Chinonye Chukwu and cinematographer Eric Branco also film Clemency in an impeccable fashion that further illuminates Bernadine’s relationship with the people around her. This includes some thoughtfully chosen instances of using medium shot/reverse medium shots. Though a go-to method for filming dialogue exchanges in cinema, in Clemency, these shots are used sparingly to drive home how disconnected Bernadine is with other people when conversing with them. An early scene of Bernadine and Jonathan talking about how Bernadine no longer sleeps in the same bed as Jonathan sees the two characters occupying separate frames to signify how much distance there is between the two of them both physically and emotionally. Clemency is such a masterfully put-together production that even the conversations filmed in medium shot/reverse medium shots have significant underlying visual meaning!
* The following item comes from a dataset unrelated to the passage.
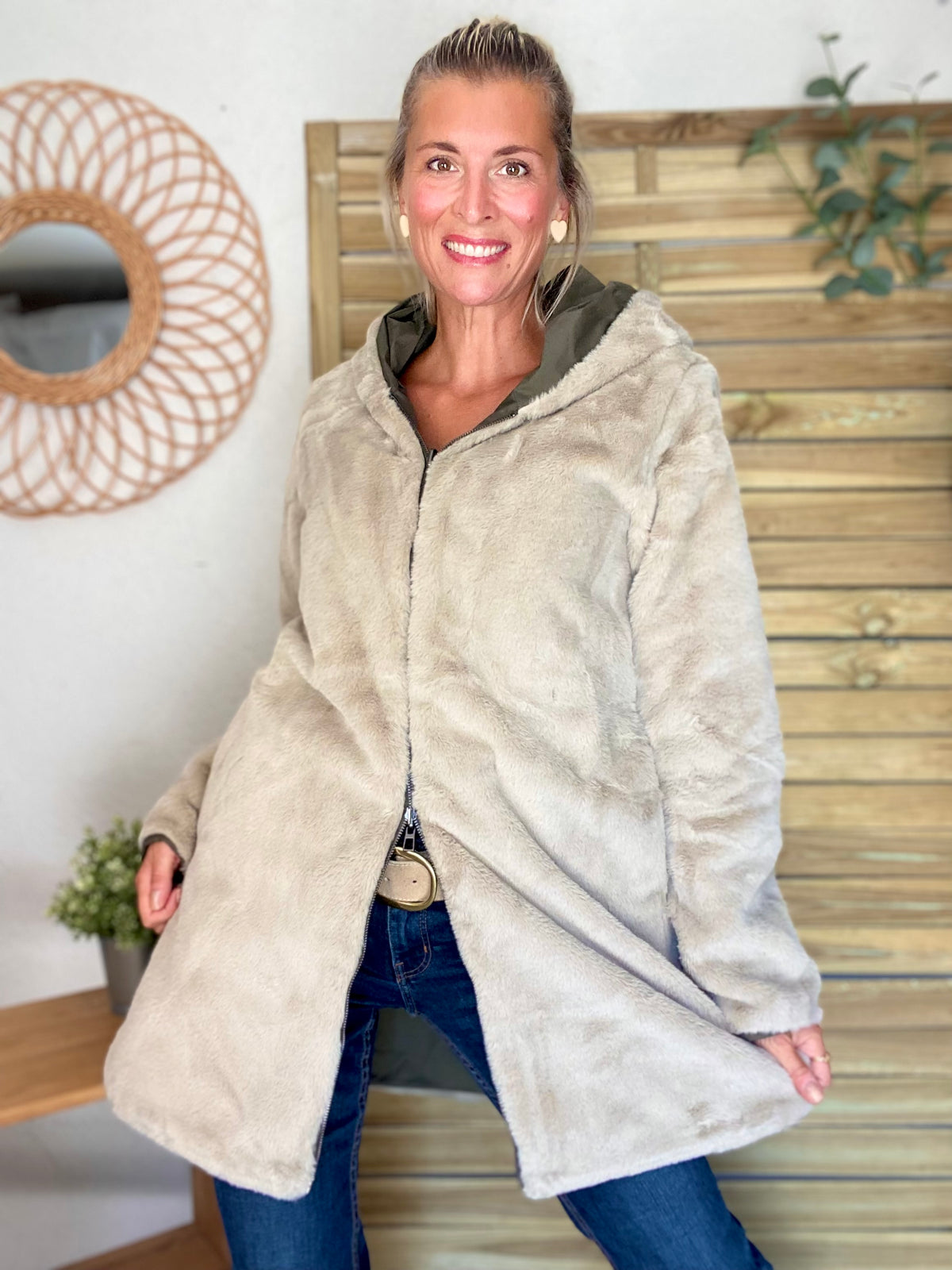 LAURA JO - Parka Imperméable réversible fourrée Kaki / Beige ALIX Long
Another memorable visual trait of Clemency emerges in a visual motif that sees characters, whether they’re in a prison cell or in a tavern, in the foreground surrounded by a more muted color palette while brighter colors linger off in the distant background. This visual serves as both a reminder and a taunt to the characters of Clemency of the far-off vibrant world they cannot escape to. This motif is most apparently seen in an unforgettable early sequence depicting Anthony Woods in his prison cell violently reacting to his impending execution. This scene isn’t just memorable because of its use of a visual motif, it’s also one of the numerous sequences in here that see Aldis Hodge delivering a phenomenal performance. Like Bernadine Williams, Hodge’s character is closed off from the world, Woods is a person who has decided to stop speaking and even eating as he prepares for his demise.
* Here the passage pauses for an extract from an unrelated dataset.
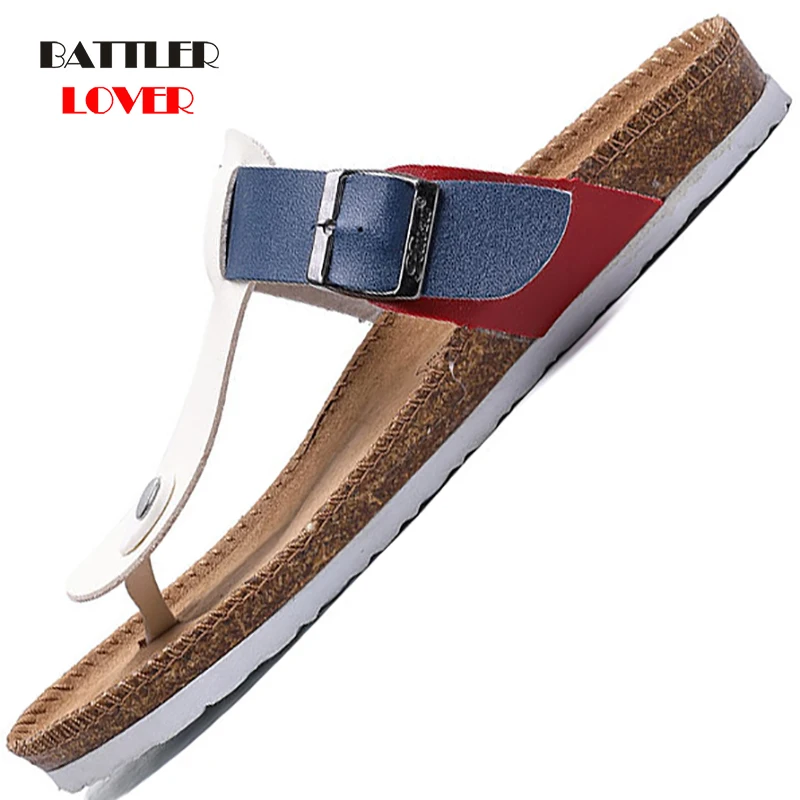 Flip Flops Men Cow Suede Leather Unisex Shoes Soft Cork Beach Slippers Men Summer Slippers Outdoor Slippers Men Non-slip Sandals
But we do get glimpses into a happier version of Woods in moments where the character is able to cling to a sense of escaping from this death sentence. It is here we get to see Woods as a human being with dreams, ambitions and more than a pinch of hope rather than just the future corpse the state government has already declared him to be. Aldis Hodge is utterly remarkable in lending believability to both the closed-off and more open parts of this character, a scene where he finally get the chance to talk to a former lover is especially gut-wrenching to watch just through Hodge’s facial expression alone. Hodge’s work as an actor is so good in Clemency that it’s a wonder he doesn’t deliver the best performance of the entire project.
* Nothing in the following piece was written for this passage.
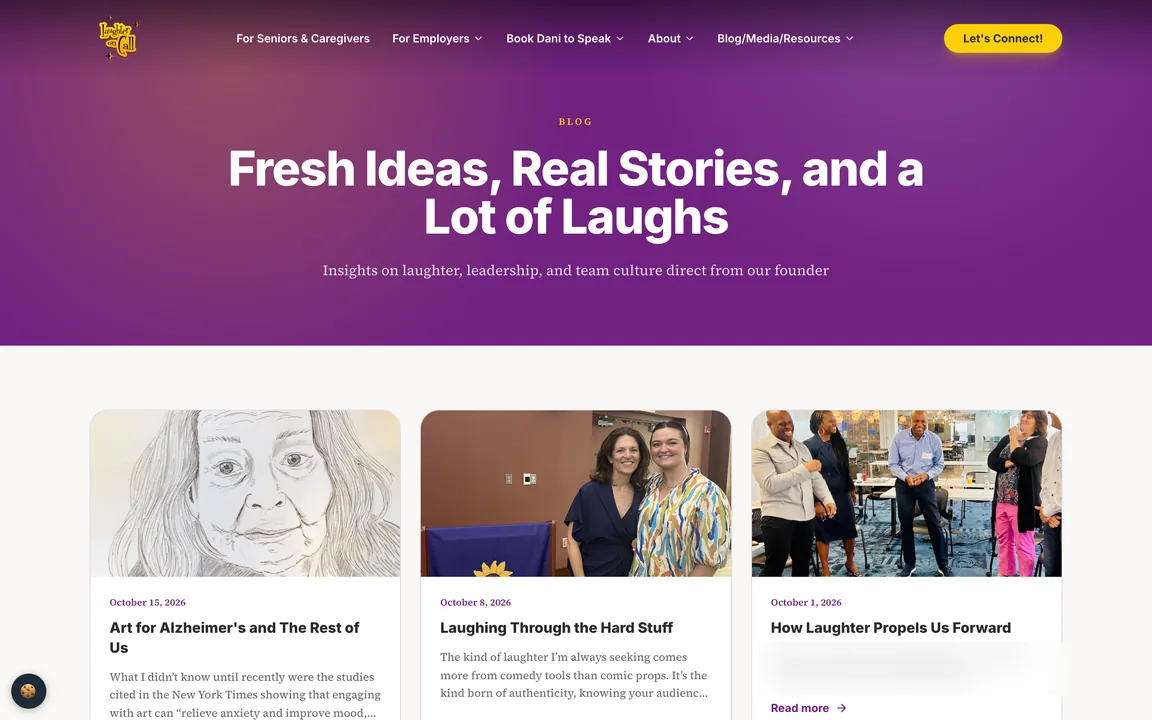 Laughter On Call blog page headed 'Fresh Ideas, Real Stories, and a Lot of Laughs' with dated posts; a client quote in one excerpt is blurred here.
That honor must go to Alfre Woodard in the lead role of Bernadine Williams. From her very first scene, you wanna go buy whoever cast Woodard in this role a whole bouquet of exquisite flowers, Woodard is perfectly cast in this role. It’s hard to imagine anyone else being able to lend such a convincing sense of authority as Williams oversees an execution gone awry without even showing a hint of being frazzled. From there, Woodard maintains the characters stoic composure so effortlessly that it takes your breath away whenever she shows brief glimpses into the vulnerable side of Bernadine Williams, the side of her that maybe does want to escape from this. Chinonye Chukwu’s script and Alfre Woodard’s performance work in beautiful harmony together to reflect this subtle interior battle Bernadine is grappling with. Clemency has countless phenomenal qualities but the way in which it explores the perspective of Bernadine Williams in such a detailed and engrossing manner is maybe its most impressive accomplishment.